"Cache Everything" – json expiring at 00h (UTC) everyday

Hi There,

I have a json endpoint on a specific path, that i need to keep cached for as long as i can, cause it’s very database intensive. It generates thousands of URLs as requested by the users, and then each should be cached for 14 days.

But then, everyday at 00h(UTC), Cloudflare is cleaning the cache ONLY for this path, for no reason:

In the graph you can see that, when i was using APO, it wasn’t holding the cache for this path. I was using the same page rule, and removing all cookie headers.

With APO: requests were hitting Origin all day, and Cloudflare only from 00h to 4am.
With Page Rule: Cache is served from Cloudflare all day, and from origin from 00h till it’s full again.

I had to create a new database only for this endpoint. Precisely at 00h, the load spikes at 40 (for a 2 vCPUs managed DB).

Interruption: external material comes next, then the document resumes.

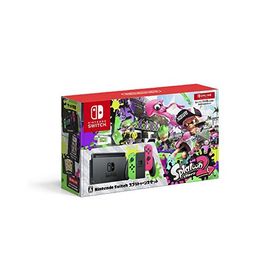 Nintendo Switch スプラトゥーン2セット (Nintendo Switch Online 「個人プラン3か月(90日間)」利用券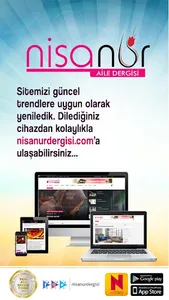 Nisanur Dergisi screenshot 2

I’m 100% sure that there’s nothing in our end purging this cache. We don’t have any code in place to clear this specific path. As i said, this path generates a few thousand URLs. There’s no way to clear one by one manually, and i’m not purging the entire site:

There are no traffic spikes, or attacks. This json is not a public path, it’s used only to generate some widgets in my theme:

Any ideas?

Update Jul/15: In this specific case, it wasn’t a bug in cache. Our script had a date string that changed everyday. It should be static, but an old dev made it like this and didn’t told us. But at the end, this topic led to other interesting points about caching :slight_smile:

1 Like

Edge Cache TTL means “each should be cached for no more than 14 days”. TTL is actually a Max setting. Cloudflare will evict anything it deems to be “wasting space” in far less than your TTL.

Now the question is why is Cloudflare singling out just this one resource for eviction. Maybe @yevgen has some insight into the differing behavior.

2 Likes

I knew that CF could purge cache that is not being used, to save space. But it makes no sense to purge an entire path at once. Those URLs are being accessed, as we can see by the huge spikes i get in my database.

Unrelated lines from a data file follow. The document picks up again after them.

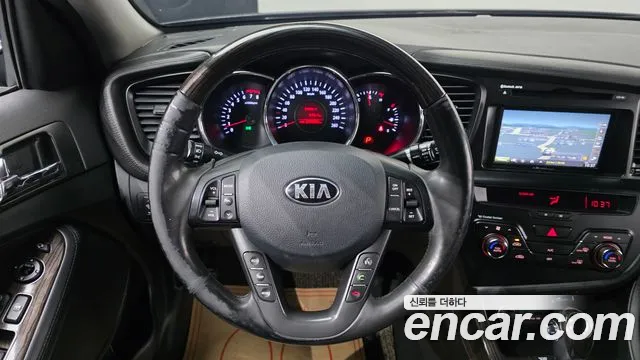 Kia K5 2013 — фото 14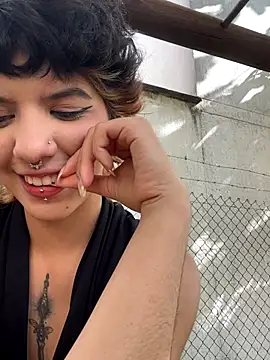 eva caos online show from 11-07-25, 07:47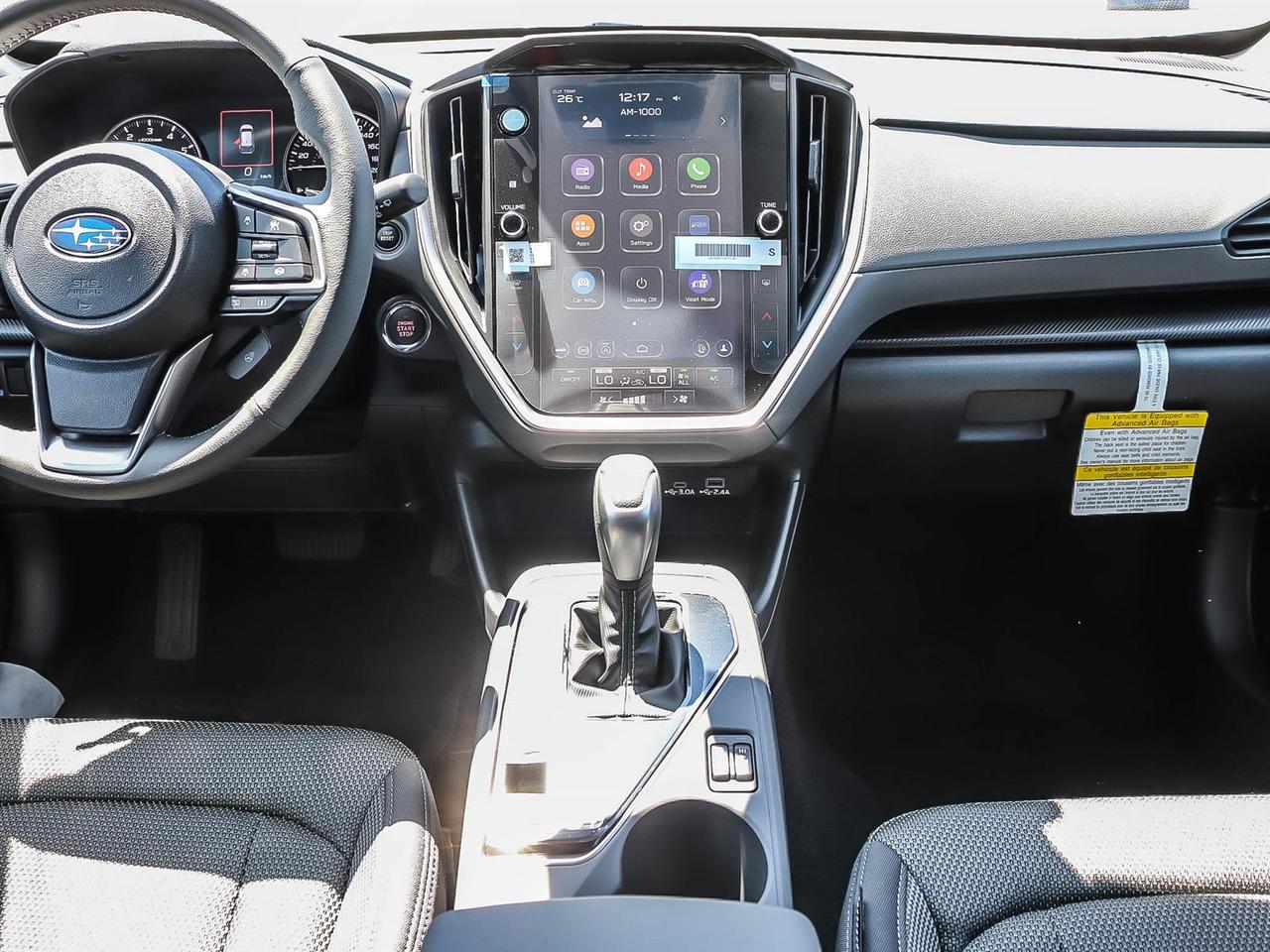 2026 Subaru XV Crosstrek Touring Photo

If it’s a matter of saving space, it should be deleting specific urls that are not accessed frequently…

2 Likes

Here we go again…

This database is dedicated to this specific path, and is receiving only 70% of the requests. The other 30% i’m redirecting to another DB to try to balance the load.

1 Like

Please raise a support ticket and we will pass it to the Cache team.

5 Likes

Hi Yevgen,

I tried, but i couldn’t. Yesterday i’ve waited for more than an hour in this screen, before creating the topic here in the Community.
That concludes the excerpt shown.